● **TASK TO COMPLETE**
Repeat the lines from the line with "The Big Bang" to the line with "Super 8 by Wyndham Lindsay Olive Tree" in the listing below, keeping both end lines and adding nothing.

● **DATA UNDER STUDY**
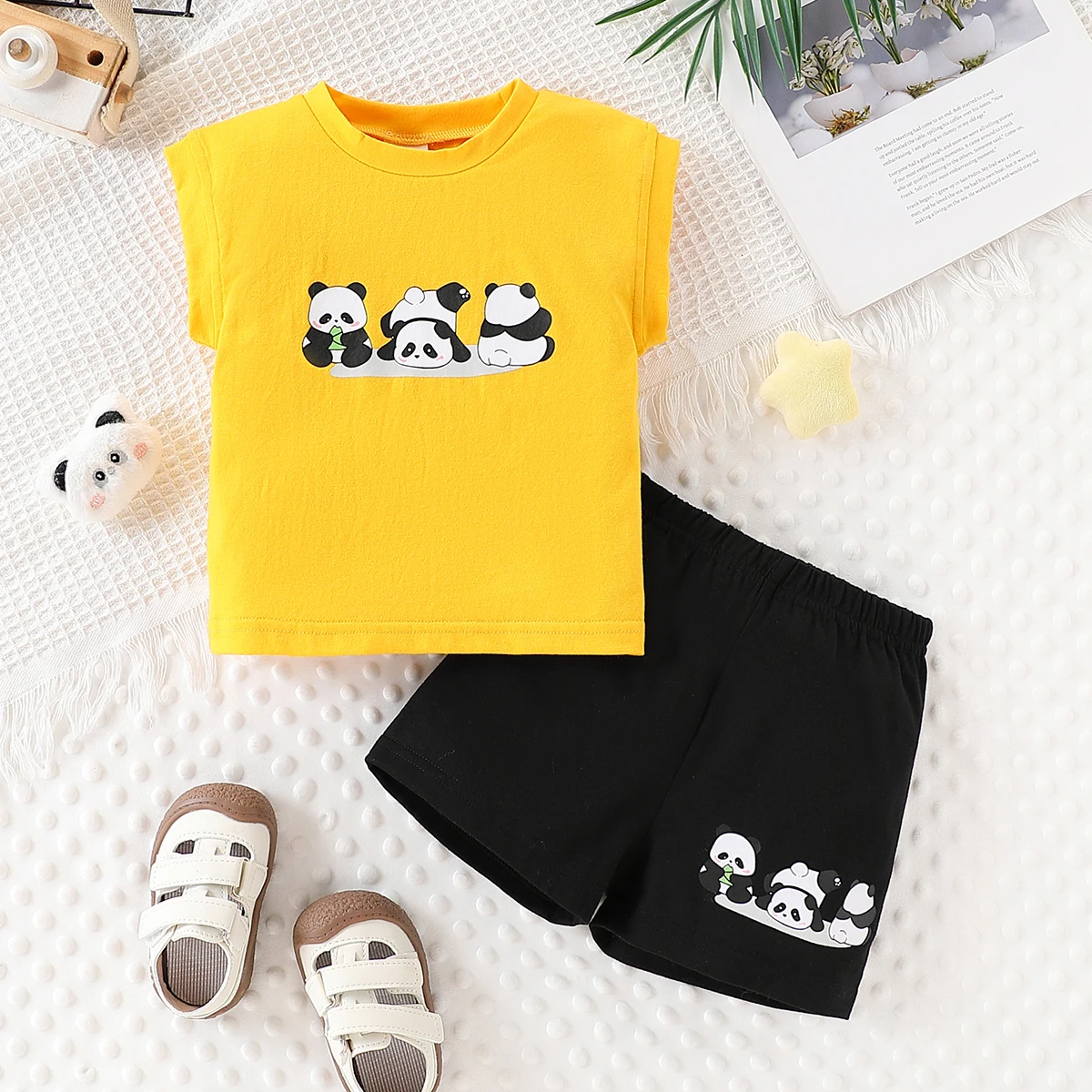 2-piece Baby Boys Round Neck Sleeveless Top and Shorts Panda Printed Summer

==

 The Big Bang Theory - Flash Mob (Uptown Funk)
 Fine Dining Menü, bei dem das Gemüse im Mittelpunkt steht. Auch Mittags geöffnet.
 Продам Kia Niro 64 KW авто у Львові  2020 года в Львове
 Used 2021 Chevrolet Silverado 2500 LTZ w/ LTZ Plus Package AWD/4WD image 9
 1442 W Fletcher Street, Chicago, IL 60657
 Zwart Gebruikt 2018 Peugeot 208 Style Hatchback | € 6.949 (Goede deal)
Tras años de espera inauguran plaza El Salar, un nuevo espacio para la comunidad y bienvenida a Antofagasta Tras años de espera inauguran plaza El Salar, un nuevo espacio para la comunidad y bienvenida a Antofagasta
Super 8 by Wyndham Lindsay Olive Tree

...

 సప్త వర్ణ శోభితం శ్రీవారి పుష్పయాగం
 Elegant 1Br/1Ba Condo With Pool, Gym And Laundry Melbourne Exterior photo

● **RESPONSE FOR THIS EXERCISE**
 The Big Bang Theory - Flash Mob (Uptown Funk)
 Fine Dining Menü, bei dem das Gemüse im Mittelpunkt steht. Auch Mittags geöffnet.
 Продам Kia Niro 64 KW авто у Львові  2020 года в Львове
 Used 2021 Chevrolet Silverado 2500 LTZ w/ LTZ Plus Package AWD/4WD image 9
 1442 W Fletcher Street, Chicago, IL 60657
 Zwart Gebruikt 2018 Peugeot 208 Style Hatchback | € 6.949 (Goede deal)
Tras años de espera inauguran plaza El Salar, un nuevo espacio para la comunidad y bienvenida a Antofagasta Tras años de espera inauguran plaza El Salar, un nuevo espacio para la comunidad y bienvenida a Antofagasta
Super 8 by Wyndham Lindsay Olive Tree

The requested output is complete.